Dhè lel world, Capone, chi non è toscano e segnatamente Livornese non capirà, pochi mezzi, tanta simpatia Labronica, commediola che fa il verso ad un immaginario, cortissimo e quindi facilmente digeribile, è la prima parte di un progetto, potrebbe migliorare
Le lesbiche non esistono, Landi Selis, documentario prodotto dal basso che parte da un’idea davvero interessante: la mancanza di parole per “offendere” le lesbiche. Il problema della nostra società è sempre una questione di parole, se non verbalizzi non reifichi, non oggettivizzi, le lesbiche non esistono perché non esiste un vocabolario per parlare di loro, se non esistono le parole non esistono le cose. La parte iniziale animata è molto ben fatta. Documentario puro non mantiene però il centro del discorso, tutto poi si svolge su interviste a donne che sì si definiscono, quindi parlano, ma che quasi sempre convergono sul problema del coming out famigliare, non che ciò non comporti proprio il dire, il parlare, lo scambio, l’uscire fuori dalla propria riflessione interiore per incontrare l’altro (la famiglia più spesso) parlando, ma mia spettavo un discorso più ampio, magari indirizzato a tutto l’insieme della vita di relazione delle persone. Comunque valido perché l’idea è forte, io sono perché io dico.

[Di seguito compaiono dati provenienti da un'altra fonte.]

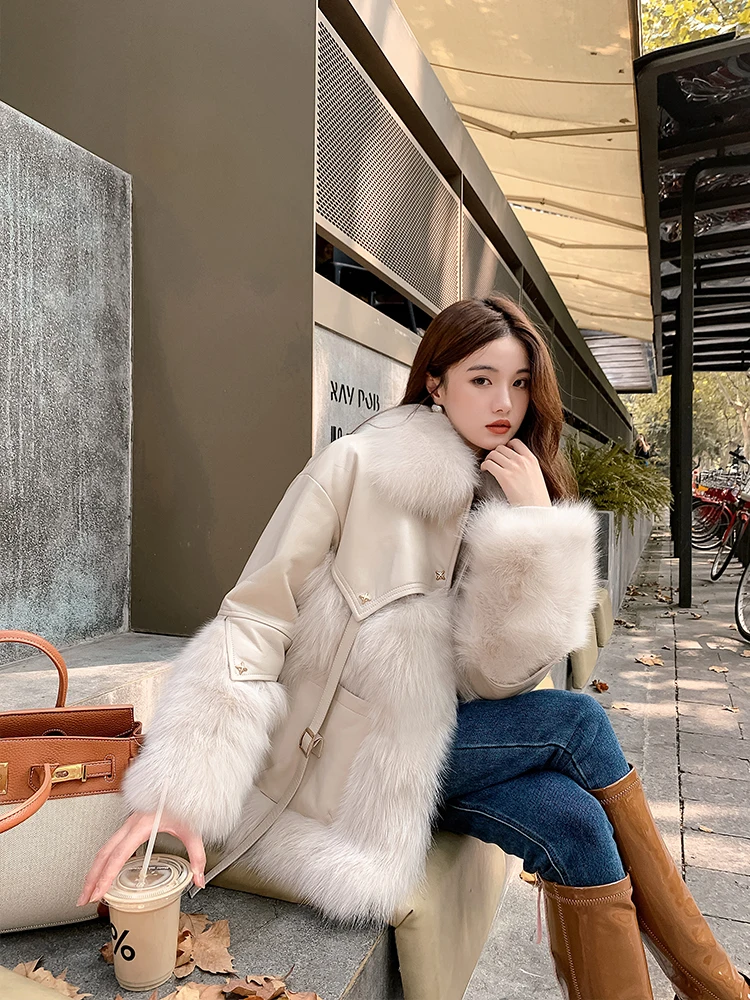 "Heartbeat Signal" Winter 2022 New Young Leather Sheepskin Patchwork Fox Fur Fur Fur Women's Coat
"Heartbeat Signal" Winter 2022 New Young Leather Sheepskin Patchwork Fox Fur Fur Fur Women's Coat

Re(l)azioni a catena, Novelli 4 episodi di una sorta di piccolo serial su una donna che si trova due adolescenti in casa causa sparizione della loro madre, ne conseguono incontri, scontri, confronti tutti virati in commedia. Divertente, con qualche scivolone sull’audio in presa diretta, gioca con gli stereotipi, spinge il pedale sul lato umoristico, tematizza il confronto fra ricco/apparenza, libero modo di vivere/rigidità della vita sociale e lavorativa, troppo ingessato nelle riprese con interni che sono ripresi in maniera asettica e in fondo poco naturale.
Ad occhi chiusi, Riccardi, se avrà fortuna si farà, la regista ha mestiere, metodo e occhio. E’ fiction ma ripreso da un fatto di cronaca, due adolescenti si amano, il padre di una di loro lo scopre, ne consegue separazione. Le ragazzine sono brave, anche qui in presa diretta c’è qualche sbavatura nell’audio, ma è montato bene e soprattutto la regista cura la messa in scena, si concede anche pulitissimi controluce, sceglie le inquadrature che parlano allo spettatore, ha gusto per colori e squarci di Roma, insomma ha stoffa davvero.